The invention relates to the field of inorganic oxide material preparation, in particular to preparation of heteropolyblue and application thereof, and the method comprises the following steps: 1) Dissolving ammonium metatungstate powder in an aqueous solution with an acidity value not lower than 0.1 mol/L; 2) And adding gallium-based liquid metal into the solution for reaction. The preparation method provided by the invention has the advantages that the preparation process is simple, the obtained tungsten-based heteropolyblue component is uniform, and mass production can be realized. The preparation environment is room temperature, the synthesis of the heteropolyblue material can be realized without any atmosphere and high temperature, and the use of vacuum or sealing capacity is completely avoided.

Description

Heteropolyblue, and preparation method and application thereof
Technical Field
The invention relates to the field of inorganic oxide material preparation, in particular to preparation and application of heteropolyblue.
Background
Tungsten-based heteropolyblue is an important class of inorganic cluster compounds in which tungsten ions are represented by W 6 + 、W 5 + Or W 4 + And the mixed valence states exist to balance the overall charge of the compound.
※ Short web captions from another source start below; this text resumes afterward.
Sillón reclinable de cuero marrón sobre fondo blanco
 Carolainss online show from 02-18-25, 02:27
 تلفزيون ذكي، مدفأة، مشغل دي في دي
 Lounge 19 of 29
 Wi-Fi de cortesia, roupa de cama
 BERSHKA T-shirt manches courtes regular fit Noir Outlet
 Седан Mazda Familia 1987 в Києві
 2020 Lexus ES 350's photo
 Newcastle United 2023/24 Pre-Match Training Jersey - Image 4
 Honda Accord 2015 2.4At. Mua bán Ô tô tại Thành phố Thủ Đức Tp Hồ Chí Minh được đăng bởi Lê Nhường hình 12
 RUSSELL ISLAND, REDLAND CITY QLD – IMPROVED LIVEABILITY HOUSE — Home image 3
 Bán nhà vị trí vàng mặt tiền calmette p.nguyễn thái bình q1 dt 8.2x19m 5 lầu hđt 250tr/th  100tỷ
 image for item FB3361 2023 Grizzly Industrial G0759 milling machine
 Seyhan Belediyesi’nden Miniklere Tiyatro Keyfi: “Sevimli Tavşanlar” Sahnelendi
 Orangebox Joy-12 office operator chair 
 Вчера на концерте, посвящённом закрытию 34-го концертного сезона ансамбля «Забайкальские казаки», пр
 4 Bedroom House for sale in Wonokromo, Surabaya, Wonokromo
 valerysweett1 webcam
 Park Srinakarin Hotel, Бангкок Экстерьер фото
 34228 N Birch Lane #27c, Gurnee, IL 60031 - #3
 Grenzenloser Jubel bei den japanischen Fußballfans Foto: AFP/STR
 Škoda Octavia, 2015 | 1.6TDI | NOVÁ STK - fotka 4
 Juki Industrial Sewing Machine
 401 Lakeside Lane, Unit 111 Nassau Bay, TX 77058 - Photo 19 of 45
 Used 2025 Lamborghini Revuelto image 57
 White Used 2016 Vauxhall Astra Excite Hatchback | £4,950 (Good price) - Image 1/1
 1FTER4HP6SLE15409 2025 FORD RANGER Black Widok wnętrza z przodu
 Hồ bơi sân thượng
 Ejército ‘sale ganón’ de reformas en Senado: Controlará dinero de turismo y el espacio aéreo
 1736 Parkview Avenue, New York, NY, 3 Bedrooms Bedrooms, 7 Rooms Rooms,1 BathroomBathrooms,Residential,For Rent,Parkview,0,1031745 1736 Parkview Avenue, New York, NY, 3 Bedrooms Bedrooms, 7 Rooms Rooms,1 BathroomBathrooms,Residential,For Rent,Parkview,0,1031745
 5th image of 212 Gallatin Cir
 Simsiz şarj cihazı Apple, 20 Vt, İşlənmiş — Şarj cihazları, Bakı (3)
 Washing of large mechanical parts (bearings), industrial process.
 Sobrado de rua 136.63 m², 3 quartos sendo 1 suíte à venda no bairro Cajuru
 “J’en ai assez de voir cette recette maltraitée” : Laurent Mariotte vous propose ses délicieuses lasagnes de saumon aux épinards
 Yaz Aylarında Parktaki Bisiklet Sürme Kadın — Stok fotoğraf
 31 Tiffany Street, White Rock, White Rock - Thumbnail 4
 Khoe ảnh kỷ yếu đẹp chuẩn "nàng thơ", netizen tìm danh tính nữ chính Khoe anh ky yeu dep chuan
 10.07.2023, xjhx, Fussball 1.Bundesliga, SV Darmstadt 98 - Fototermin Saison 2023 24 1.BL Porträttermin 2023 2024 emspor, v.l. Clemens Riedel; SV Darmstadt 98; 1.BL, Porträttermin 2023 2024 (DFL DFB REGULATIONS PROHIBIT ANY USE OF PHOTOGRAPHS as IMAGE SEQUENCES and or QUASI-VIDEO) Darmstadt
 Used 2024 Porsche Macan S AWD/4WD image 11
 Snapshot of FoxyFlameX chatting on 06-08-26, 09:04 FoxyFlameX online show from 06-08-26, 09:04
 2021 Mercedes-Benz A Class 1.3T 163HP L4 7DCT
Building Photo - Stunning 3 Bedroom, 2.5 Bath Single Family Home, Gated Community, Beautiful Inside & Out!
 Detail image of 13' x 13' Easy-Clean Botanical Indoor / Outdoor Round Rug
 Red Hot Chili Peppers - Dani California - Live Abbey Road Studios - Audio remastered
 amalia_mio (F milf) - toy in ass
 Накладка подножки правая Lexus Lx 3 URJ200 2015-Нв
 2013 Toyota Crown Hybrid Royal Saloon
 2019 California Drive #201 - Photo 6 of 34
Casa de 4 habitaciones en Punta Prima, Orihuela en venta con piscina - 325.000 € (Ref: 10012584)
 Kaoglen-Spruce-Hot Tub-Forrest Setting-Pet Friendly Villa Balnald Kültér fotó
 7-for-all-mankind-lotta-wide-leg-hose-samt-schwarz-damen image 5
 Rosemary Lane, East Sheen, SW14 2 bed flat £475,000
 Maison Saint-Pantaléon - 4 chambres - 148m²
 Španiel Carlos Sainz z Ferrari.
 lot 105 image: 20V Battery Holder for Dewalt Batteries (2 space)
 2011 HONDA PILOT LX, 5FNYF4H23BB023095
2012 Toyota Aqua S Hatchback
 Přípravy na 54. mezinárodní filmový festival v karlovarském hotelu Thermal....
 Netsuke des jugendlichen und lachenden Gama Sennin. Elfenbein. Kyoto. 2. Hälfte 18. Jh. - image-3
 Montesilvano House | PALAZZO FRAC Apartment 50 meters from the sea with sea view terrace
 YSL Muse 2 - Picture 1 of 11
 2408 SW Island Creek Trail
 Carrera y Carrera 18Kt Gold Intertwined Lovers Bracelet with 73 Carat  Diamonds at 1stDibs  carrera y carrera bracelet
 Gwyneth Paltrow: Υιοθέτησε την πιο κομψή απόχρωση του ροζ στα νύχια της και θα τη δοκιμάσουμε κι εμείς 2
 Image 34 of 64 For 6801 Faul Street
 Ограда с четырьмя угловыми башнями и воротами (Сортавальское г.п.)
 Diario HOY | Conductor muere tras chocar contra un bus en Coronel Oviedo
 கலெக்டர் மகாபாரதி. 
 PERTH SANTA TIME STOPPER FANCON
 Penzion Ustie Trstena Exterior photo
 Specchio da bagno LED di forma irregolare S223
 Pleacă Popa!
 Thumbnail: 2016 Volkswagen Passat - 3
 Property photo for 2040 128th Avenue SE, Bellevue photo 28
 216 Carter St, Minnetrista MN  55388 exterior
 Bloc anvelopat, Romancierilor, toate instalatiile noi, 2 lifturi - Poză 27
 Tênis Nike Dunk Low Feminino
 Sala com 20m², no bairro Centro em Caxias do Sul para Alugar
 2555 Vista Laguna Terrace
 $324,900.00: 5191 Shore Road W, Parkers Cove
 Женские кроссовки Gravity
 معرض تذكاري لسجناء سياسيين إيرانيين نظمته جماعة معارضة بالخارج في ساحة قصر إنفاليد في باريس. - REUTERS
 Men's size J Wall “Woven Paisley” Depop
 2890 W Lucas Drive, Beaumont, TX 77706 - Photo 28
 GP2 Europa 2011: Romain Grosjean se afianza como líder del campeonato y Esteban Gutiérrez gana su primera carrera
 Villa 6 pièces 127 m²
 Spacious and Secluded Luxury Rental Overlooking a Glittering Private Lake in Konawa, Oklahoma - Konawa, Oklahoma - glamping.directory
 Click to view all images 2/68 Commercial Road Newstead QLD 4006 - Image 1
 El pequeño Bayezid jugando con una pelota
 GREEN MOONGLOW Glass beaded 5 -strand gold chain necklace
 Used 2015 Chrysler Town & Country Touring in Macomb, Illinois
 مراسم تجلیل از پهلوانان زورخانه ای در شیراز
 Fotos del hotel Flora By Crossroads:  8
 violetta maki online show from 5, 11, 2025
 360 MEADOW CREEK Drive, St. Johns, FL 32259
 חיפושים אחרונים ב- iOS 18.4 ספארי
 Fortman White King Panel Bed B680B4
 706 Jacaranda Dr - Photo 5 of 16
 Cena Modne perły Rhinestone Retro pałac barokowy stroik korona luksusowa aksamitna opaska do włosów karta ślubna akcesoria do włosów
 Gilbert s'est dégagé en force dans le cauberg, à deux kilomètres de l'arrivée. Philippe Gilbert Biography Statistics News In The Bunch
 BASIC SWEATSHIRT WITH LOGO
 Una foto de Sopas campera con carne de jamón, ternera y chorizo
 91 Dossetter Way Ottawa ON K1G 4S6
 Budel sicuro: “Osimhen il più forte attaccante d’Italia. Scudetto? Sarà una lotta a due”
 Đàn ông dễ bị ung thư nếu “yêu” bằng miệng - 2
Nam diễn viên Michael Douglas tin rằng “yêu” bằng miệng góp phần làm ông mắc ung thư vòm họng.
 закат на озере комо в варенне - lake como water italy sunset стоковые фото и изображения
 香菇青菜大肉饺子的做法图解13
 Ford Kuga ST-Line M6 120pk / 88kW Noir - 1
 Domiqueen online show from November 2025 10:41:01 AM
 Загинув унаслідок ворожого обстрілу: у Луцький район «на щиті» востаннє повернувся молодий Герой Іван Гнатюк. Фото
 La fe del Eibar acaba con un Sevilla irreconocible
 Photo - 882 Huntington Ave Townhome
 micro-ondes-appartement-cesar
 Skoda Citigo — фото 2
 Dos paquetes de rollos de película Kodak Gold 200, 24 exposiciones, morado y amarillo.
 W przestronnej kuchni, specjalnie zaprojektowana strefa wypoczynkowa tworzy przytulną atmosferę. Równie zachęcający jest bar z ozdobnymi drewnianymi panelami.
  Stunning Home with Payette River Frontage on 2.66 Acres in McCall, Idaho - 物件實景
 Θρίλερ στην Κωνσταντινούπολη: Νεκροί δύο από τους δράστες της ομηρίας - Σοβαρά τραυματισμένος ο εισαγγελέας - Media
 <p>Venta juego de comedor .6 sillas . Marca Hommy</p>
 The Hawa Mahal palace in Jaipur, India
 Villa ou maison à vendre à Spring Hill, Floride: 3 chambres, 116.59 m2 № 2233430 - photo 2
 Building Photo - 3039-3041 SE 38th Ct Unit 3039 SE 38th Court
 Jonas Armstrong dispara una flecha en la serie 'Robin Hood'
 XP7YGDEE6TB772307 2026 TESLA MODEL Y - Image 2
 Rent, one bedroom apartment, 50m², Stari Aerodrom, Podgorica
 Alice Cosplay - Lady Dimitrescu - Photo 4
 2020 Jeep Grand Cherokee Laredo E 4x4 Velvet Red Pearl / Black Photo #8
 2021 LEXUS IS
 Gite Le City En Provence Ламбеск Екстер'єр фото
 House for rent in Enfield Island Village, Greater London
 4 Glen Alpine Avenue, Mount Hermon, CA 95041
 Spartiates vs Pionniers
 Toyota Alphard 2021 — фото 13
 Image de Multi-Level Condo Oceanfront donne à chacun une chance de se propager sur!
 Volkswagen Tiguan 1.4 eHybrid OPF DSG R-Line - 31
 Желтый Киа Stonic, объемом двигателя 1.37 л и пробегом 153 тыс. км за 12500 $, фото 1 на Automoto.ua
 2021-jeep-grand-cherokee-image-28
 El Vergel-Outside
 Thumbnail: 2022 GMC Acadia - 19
The abundant crystal structure, tunnel structure and the special valence state lead the material to have excellent performances such as electronic and ionic conductivity, superconductivity, optical performance and the like, and the application of the material in electrochromic, water-based batteries, near infrared absorption, chemical sensors and the like is widely researched and interesting and potential application scenes.
The existing preparation method of tungsten-based heteropolyblue adopts a chemical reduction method or a hydrothermal method, and comprises the following steps of 6 + The tungsten-based heteropolyblue is obtained by hydrothermal synthesis in a salt solution, and the heteropolyblue prepared by the method has uncontrollable composition and contains a reaction precursor. And the hydrothermal synthesis method has limited synthesis amount, harsh reaction conditions, such as high temperature and high pressure conditions required in the reaction process, long time consumption, large energy consumption and poor repeatability. Therefore, an industrialized synthesis method for synthesizing tungsten-based heteropolyblue, which is low in cost, reliable and stable, is urgently needed.
Disclosure of Invention
The invention provides a preparation method of heteropolyblue, which comprises the following steps:
1) Dissolving ammonium metatungstate powder in an aqueous solution with an acidity value not lower than 0.1 mol/L;
2) And adding gallium-based liquid metal into the solution for reaction.
The invention discovers that the gallium-based liquid metal can greatly promote the mass transfer process and the reactivity between the reaction raw materials, thereby obviously reducing the synthesis temperature of the heteropolyblue material, and the gallium-based metal is convenient to separate from a system after the reaction.
Preferably, after the reaction in the step 2), drying the solution obtained after the reaction to obtain the heteropoly blue.
Preferably, the solution obtained after the reaction is subjected to a drying treatment by vacuum drying or freeze drying. Wherein vacuum drying or freeze drying reduces or avoids the formation of heteropolyblue powder which is again reduced and maintains structural integrity.
Further preferably, the temperature of the vacuum drying is 20-80 ℃ and the time is 5-72 h.
Preferably, after the reaction in the step 2), unreacted gallium-based liquid metal is removed by filtration, and then the solution obtained after the reaction is dried. Because the surface tension of the liquid metal and the surface tension of the water have great difference, the excessive liquid metal can be directly removed by filtration after the reaction is finished, and the operation is convenient.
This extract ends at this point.